The first oil strike in Saudi
David Ebner, today at 6:54 AM EST
DHAHRAN, SAUDI ARABIA— This crude capital on the Persian Gulf is home to the Kingdom's first commercial oil well, which gushed light Arabian oil in early 1938. The story of its discovery, I smiled upon learning, is not entirely dissimilar to the hunt for oil in Alberta decades ago—though the search in Western Canada took a lot more swings. Leduc No. 1, near Edmonton, produced a gusher in 1947, launching the province's modern energy business, but it was a last-gasp exploration effort after more than a hundred wells drilled by Imperial Oil Ltd. that came up with nothing.
In the Kingdom, Standard Oil Co. of California (now Chevron Corp.) signed the first foreign exploration concession with the just-formed Saudi Arabian state in late May 1933 in Jeddah on the Red Sea. Two years later, drilling was underway on the other side of the Arabian Peninsula. Damman No. 1 hit some oil, described as modest in historical accounts. The second effort was a bigger hit, sparking excitement—but it faded fast as the next four wells produced less and less encouraging results, all of them aimed at shallow targets of roughly 700 metres.

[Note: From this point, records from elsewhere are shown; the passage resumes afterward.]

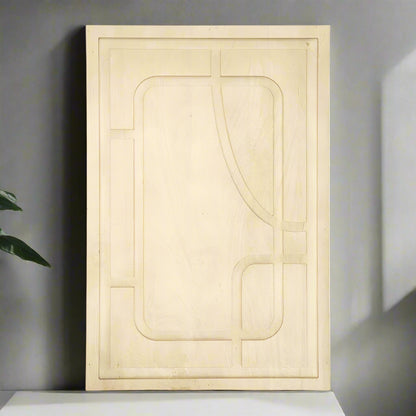 Wand decoratie Sylvia | Naturel Mangohout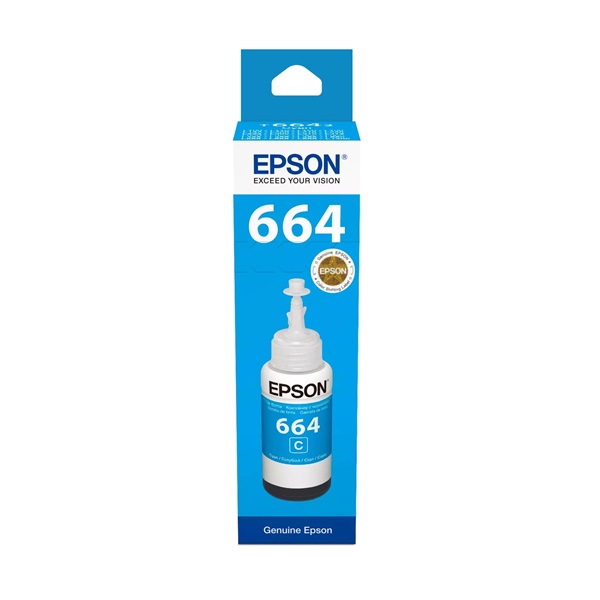 Epson C13T66424A T6642 70ml EcoTank kompatibilis cián tintapalack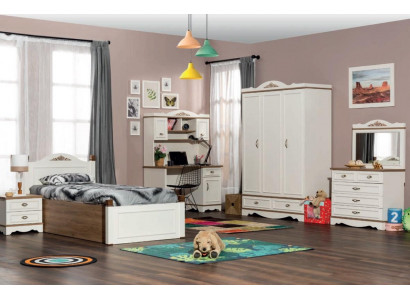 Classic s Childrens room Youth Room Bedroom Set Complete 5-piece. Wood new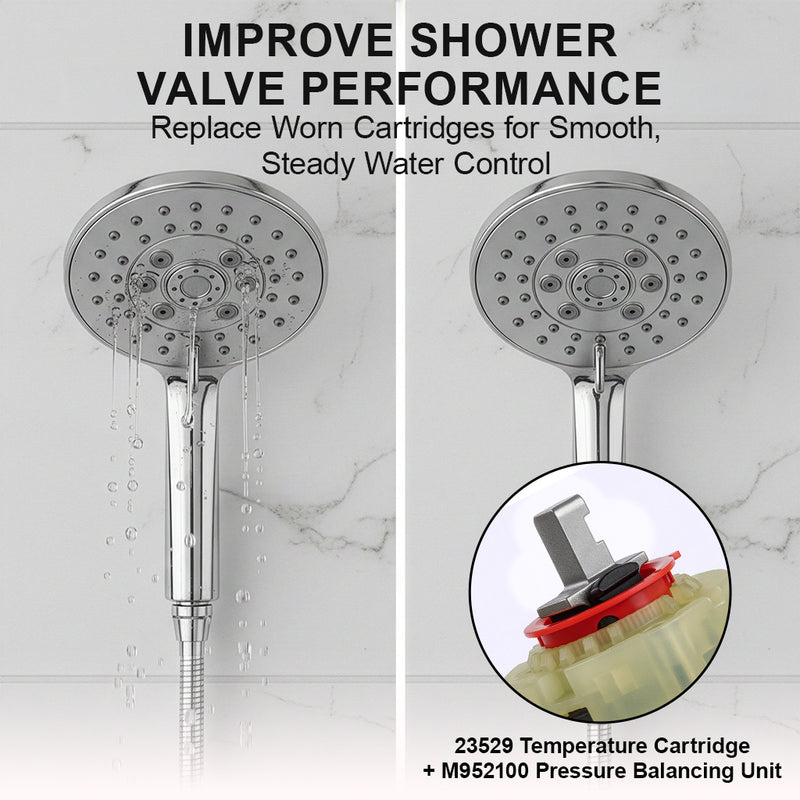 American Standard Single Lever Tub Shower Replacement Type P Cartridge 23529 and 952100 Pressure Balancing Spool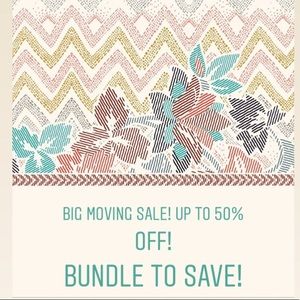 Moving sale!! Up to 50% off!
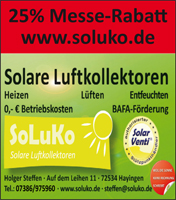 25% Rabatt auf SolarVenti Luftkollektoren kaufen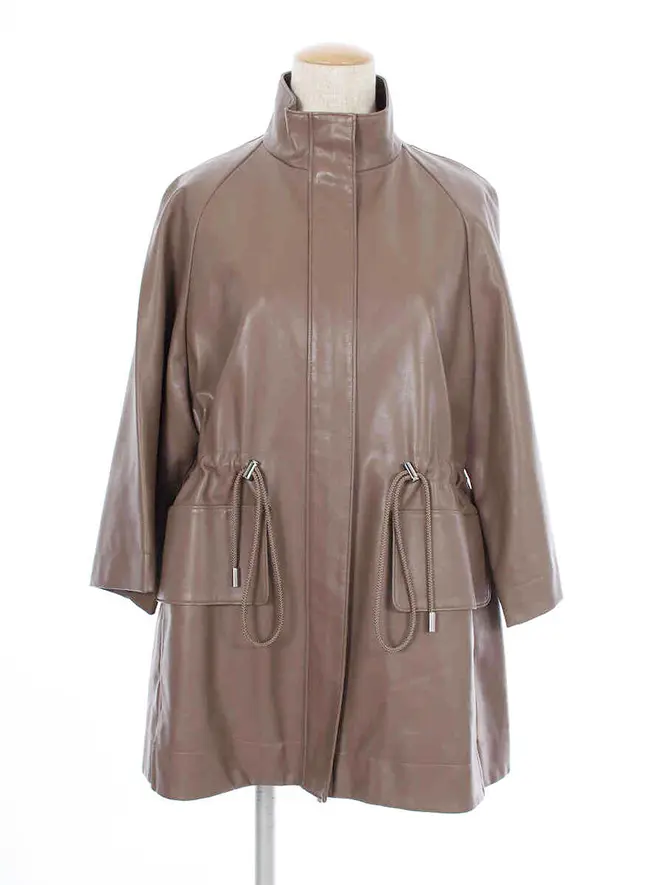 コート Faux Leather Anorak 35654 2016年 ブラウン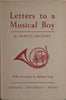 Letters to a Musical Boy | Mervyn Bruxner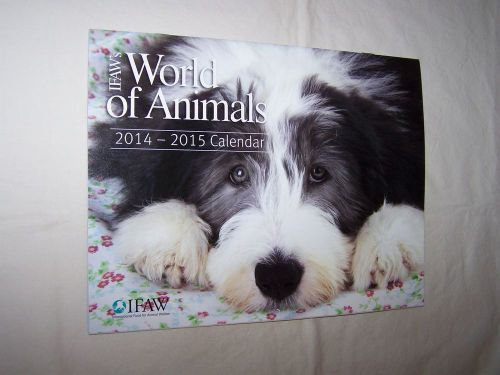 International Fund for Animal Welfare 2015 Wall Calendar; Free Ship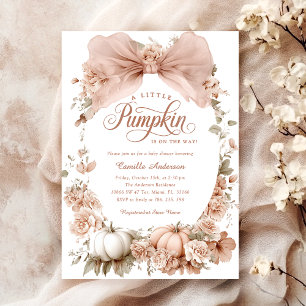Schattigee Herfst Little Pumpkin Baby shower Uitno Kaart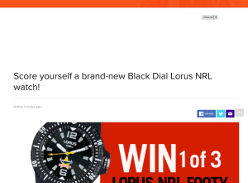 Win one of three NRL Lorus watches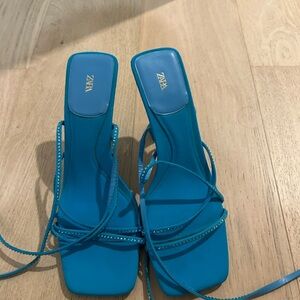 Zara Blue Strappy Women's Sandals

Damman No. 7 was spudded in December, 1936 with little enthusiasm. Drilling proceeded slowly and in early 1938 American oil executives in California recalled engineer Fred Davies and the chief geologist from Saudi Arabia to explain why the hunt for oil in the desert still made sense. While the boys were back home, drilling at Damman No. 7 continued, grinding deeper, well past 1,000 metres—and a gusher burst forth in March. Mr. Davies went on to become chairman of Aramco, the Saudi oil company, retiring in the late 1950s.